- Tyfarnham Location of Tyfarnham within County Westmeath, Ireland
- Coordinates: 53°35′33″N 7°20′15″W﻿ / ﻿53.59250°N 7.33750°W
- Country: Ireland
- Province: Leinster
- County: County Westmeath
- Irish grid reference: N439605

= Tyfarnham (civil parish) =

Civil parish in County Westmeath, Ireland

Tyfarnham is a civil parish in County Westmeath, Ireland. It is located about 8 km north of Mullingar.

One of 8 civil parishes in the barony of Corkaree in the province of Leinster, the civil parish covers 1847.2 acre.

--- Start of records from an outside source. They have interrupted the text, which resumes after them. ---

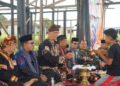 Bupati Tanah Datar Hadiri Prosesi Maanta Syarat Ka Guru 11 Bupati Tanah Datar Hadiri Prosesi Maanta Syarat Ka Guru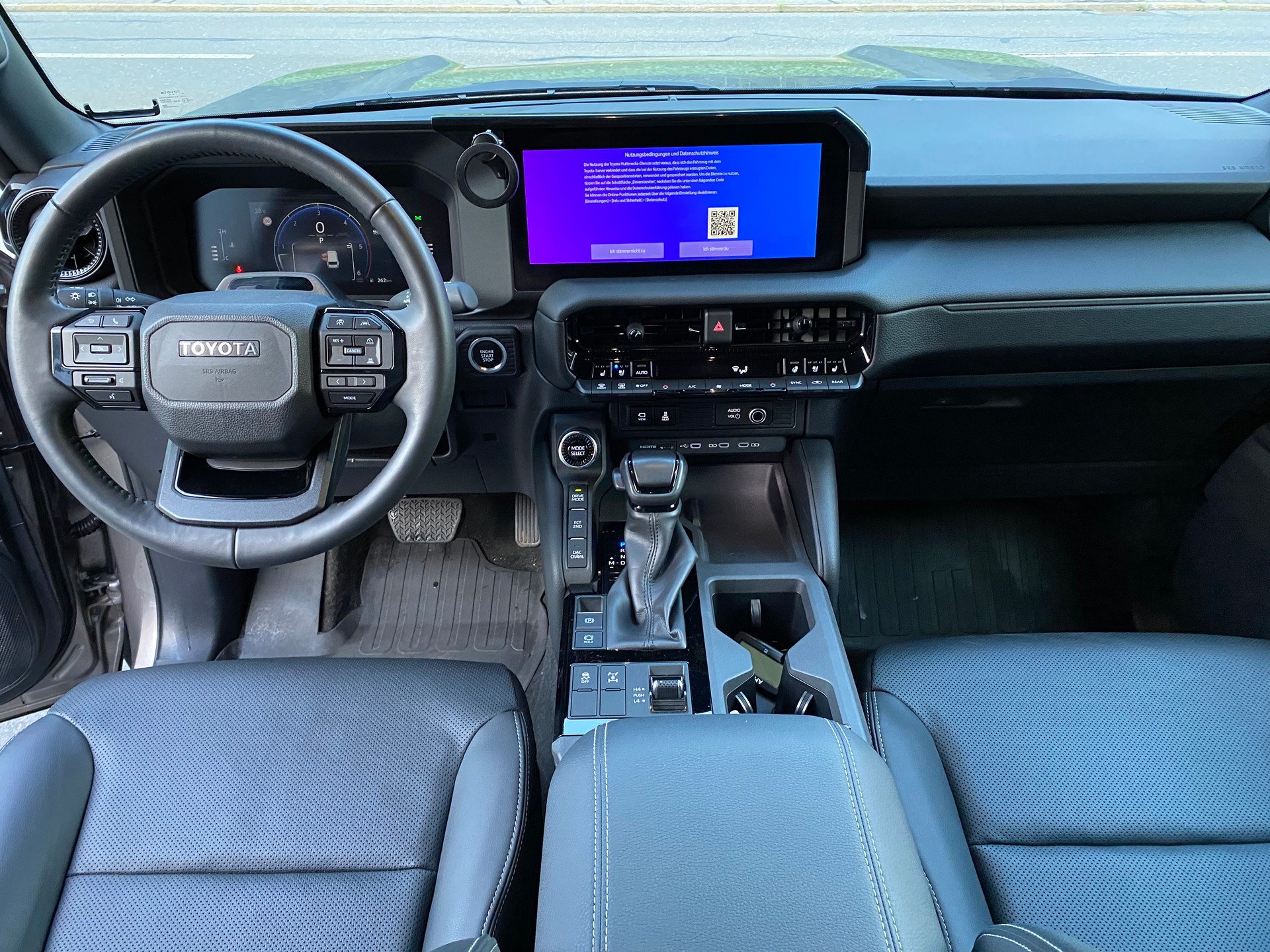 TOYOTA Land Cruiser 2.8TD Style-image-4
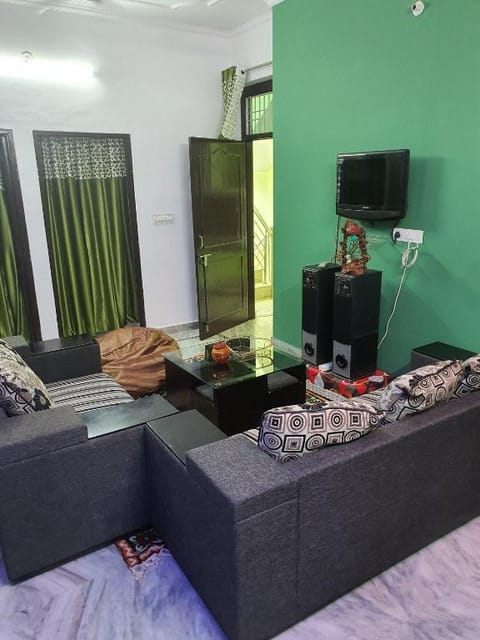 Traverse Suite Apartment in Jaipur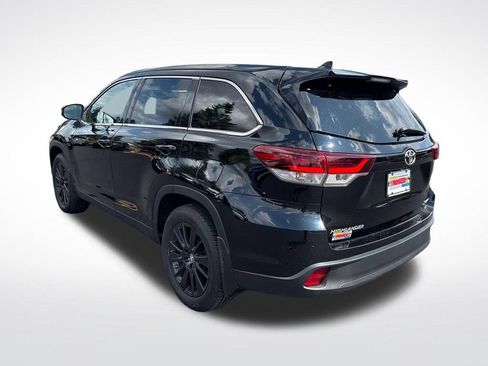 Used 2019 Toyota Highlander SE AWD/4WD image 3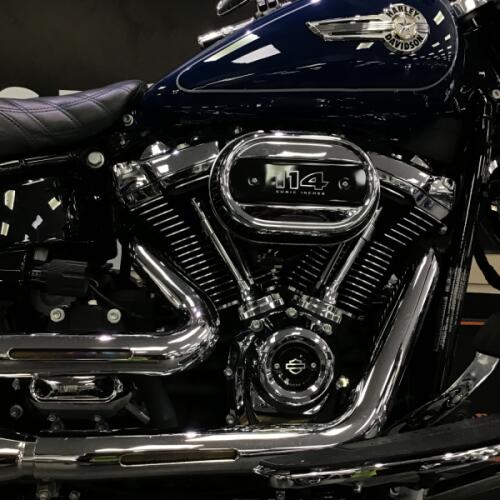2023 Harley-Davidson® Fat Boy® 114 Bright Billiard Blue thumb 2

Tyfarnham civil parish comprises 11 townlands: Ballyedward, Ballynagall, Down, Garraree, Kilmaglish, Knockatee, Knockdrin, Lugnagullagh, Multyfarnham or Fearbranagh, Parsonstown and Tyfarnham. The major part of Tyfarnham is split into two parts by Stonehall civil parish but also has two isolated townlands south of Lough Owel, Ballyedward and Lugnagullah.

The neighbouring civil parishes are: Stonehall to the north, Taghmon to the east, Leny, Portnashangan and Rathconnell (barony of Moyashel and Magheradernon) to the south, and Multyfarnham to the west. This excludes neighbours of Ballyedward and Lugnagullah.